Public Pensions Take on Private Equity's Opaque Fees?
The stewards of billions of dollars in retiree savings are struggling to account for fees charged by one of the wealthiest industries on Wall Street.
Investors who put money into a private equity fund expect to pay a management fee as well as a share of their profits to the firm running the fund. But on top of those costs are agreements to cover expenses ranging from dealmaker travel to dinners to news subscriptions. And it’s proving difficult to determine how those dollars are spent.
A Bloomberg analysis of data collected from more than two dozen U.S. public pension plans shows that most of those investors aren’t tracking details of so-called partnership expenses across their private equity portfolios. Some say the task is too difficult because fund managers are reporting the costs in vastly different ways or fail to break out expenditures at all.

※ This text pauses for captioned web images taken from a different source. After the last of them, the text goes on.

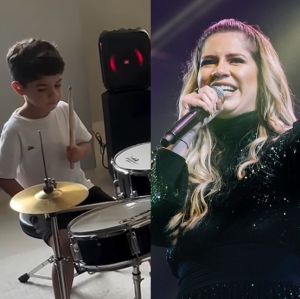 Léo, filho de Marília Mendonça, encanta ao tocar música da mãe durante aula de bateria: <i>O DNA dele não nega</i>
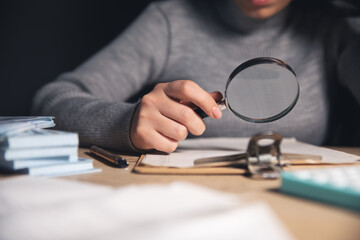 woman with magnifying glass on document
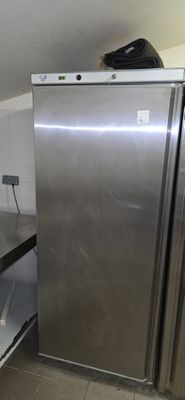 a silver refrigerator in the corner of a kitchen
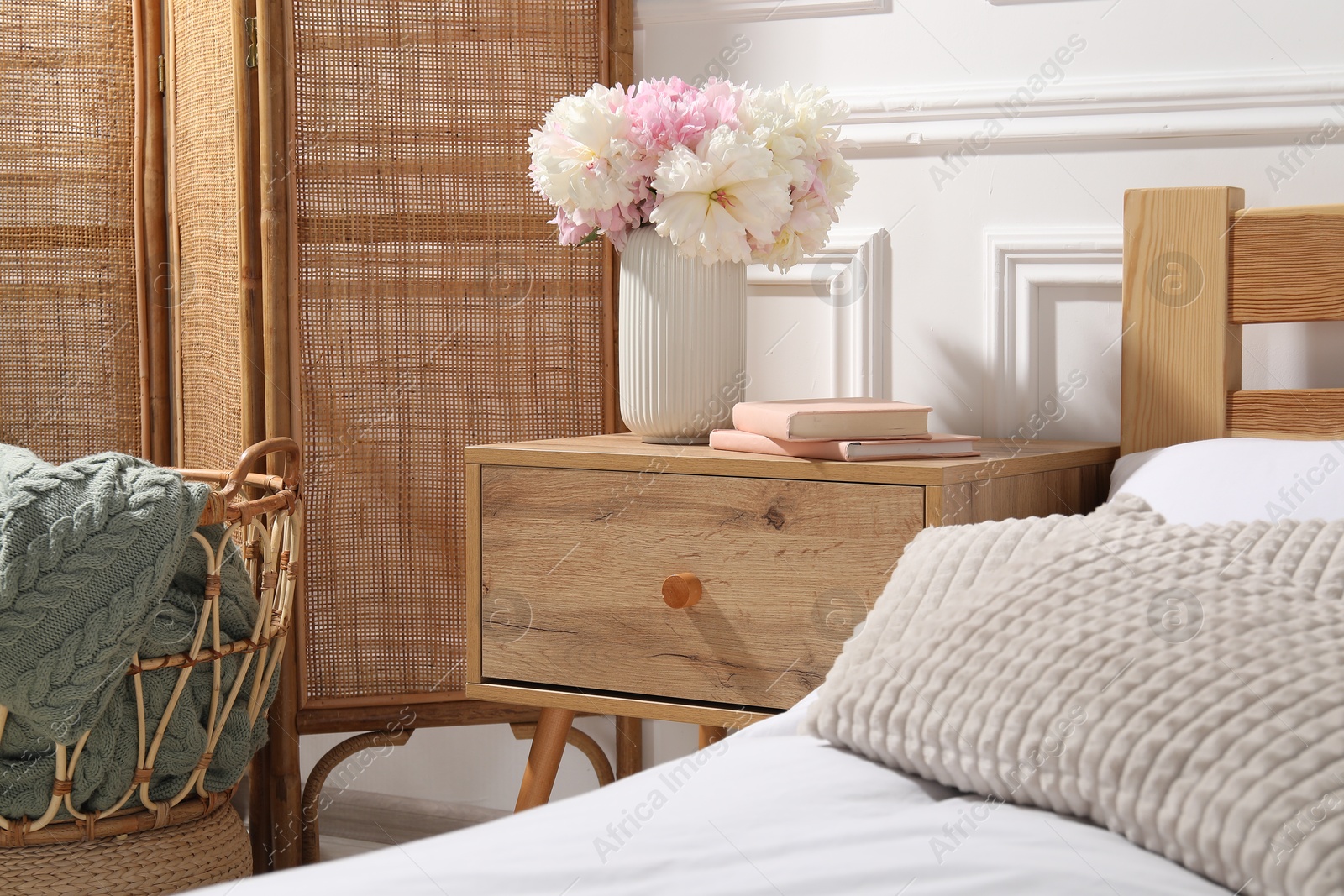 Bedside table with books and flowers near bed indoors Photo of Bedside table with books and flowers near bed indoors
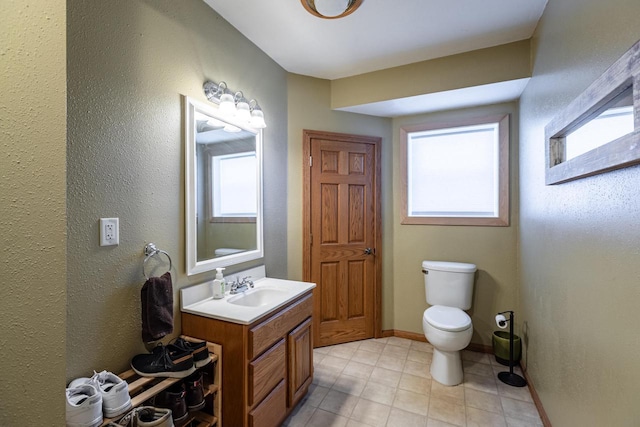 N1179 County Road O, Stoddard, WI 54658 - bathroom featuring toilet, vanity, and baseboards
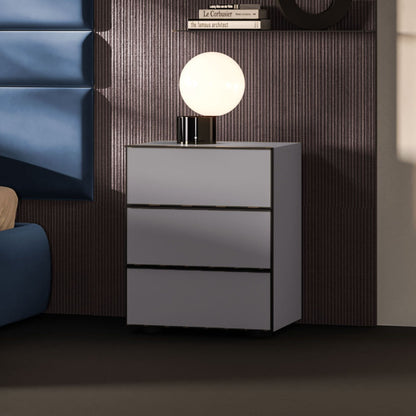 Gray nightstand with a lamp on top in a bedroom setting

For a large public pension system, these expenses can amount to tens of millions of dollars a year. It’s an issue set to come into greater focus as regulators scrutinize the private equity industry’s high fees and lack of transparency. In February, the Securities and Exchange Commission proposed a rule that would require the firms to better disclose certain costs and categorize their fund expenses.

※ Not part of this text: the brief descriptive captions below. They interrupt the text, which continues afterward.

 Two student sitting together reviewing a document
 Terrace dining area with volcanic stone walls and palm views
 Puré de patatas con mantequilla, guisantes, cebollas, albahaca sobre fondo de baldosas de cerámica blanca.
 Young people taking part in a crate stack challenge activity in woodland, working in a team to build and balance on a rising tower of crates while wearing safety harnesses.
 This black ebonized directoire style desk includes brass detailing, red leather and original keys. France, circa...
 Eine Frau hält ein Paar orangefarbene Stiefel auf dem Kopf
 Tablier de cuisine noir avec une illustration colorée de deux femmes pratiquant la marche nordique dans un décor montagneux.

Private equity lobbyists are preparing to influence the crafting of any rule. They argue that investors in their funds are sophisticated and that firms already face disclosure requirements. The Institutional Limited Partners Association (ILPA), which represents investors including pension plans, is pushing for more transparency. (Investors in private equity funds are known in industry jargon as limited partners, or LPs.)
Public pension officials take the stance that private equity fees are worth the returns the firms can deliver. But without itemized disclosure of expenses, it can be difficult to tell whether firms are abiding by their contracts, says Jennifer Choi, a managing director at ILPA. “Having an understanding of what it costs to generate those returns is important,” she says.

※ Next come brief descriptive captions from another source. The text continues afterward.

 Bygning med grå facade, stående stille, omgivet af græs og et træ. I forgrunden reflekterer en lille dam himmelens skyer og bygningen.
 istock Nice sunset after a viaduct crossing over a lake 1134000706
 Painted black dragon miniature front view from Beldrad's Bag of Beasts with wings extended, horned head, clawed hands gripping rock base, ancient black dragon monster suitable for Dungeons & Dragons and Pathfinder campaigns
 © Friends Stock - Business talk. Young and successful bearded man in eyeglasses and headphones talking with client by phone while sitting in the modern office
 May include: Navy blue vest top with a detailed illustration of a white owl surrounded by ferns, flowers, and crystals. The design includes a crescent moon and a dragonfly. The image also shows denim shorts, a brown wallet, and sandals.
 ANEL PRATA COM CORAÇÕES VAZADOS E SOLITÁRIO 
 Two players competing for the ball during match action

The pension officials who oversee retirement savings of state employees such as teachers and firefighters also have a duty to account for the charges, says Emil Siriwardane, an associate professor in the finance unit of Harvard Business School. “If you are going to spend public money, you should be able to figure out where it went,” he says.
Bloomberg sent Freedom of Information Act requests to 27 U.S. public pension plans seeking details on how much they paid in partnership expenses, as well as a breakdown of those costs. Only nine said they kept track of the total costs to their private equity portfolios, and two of the plans said they monitored the expenses across categories. Four refused the request altogether.
Even for those pensions that have managed to track costs, the data can be nebulous. The Washington State Investment Board (WSIB) began tracking partnership costs more closely in 2020 to make sure private equity managers complied with the terms set out in their contracts on a more detailed level. The pension manager sought to categorize the charges by areas such as legal, travel, and bank fees. But about $70 million—or 45% of the money that went to reimburse private equity managers for fund expenses—was labeled “other,” according to unaudited 2020 data.
That’s in part because some private equity managers only provided lump-sum partnership costs. “Where practical, within our resource levels, we have continued to use those more detailed categories,” says Chris Phillips, a spokesman for the pension manager. “What we would hope for is, managers use more consistency in how they deliver information and work collaboratively with us when we raise questions about fees.”
Indeed, fund managers report expenses in varying ways to their limited-partner investors. For example, Apollo Global Management Inc. detailed costs to its clients across six categories, with the largest sum falling under “other operating expense,” according to an update last year for its eighth flagship buyout fund. A financial report for a Bain Capital buyout fund showed only a single category called “professional fees and other.” Spokespeople for the firms declined to comment.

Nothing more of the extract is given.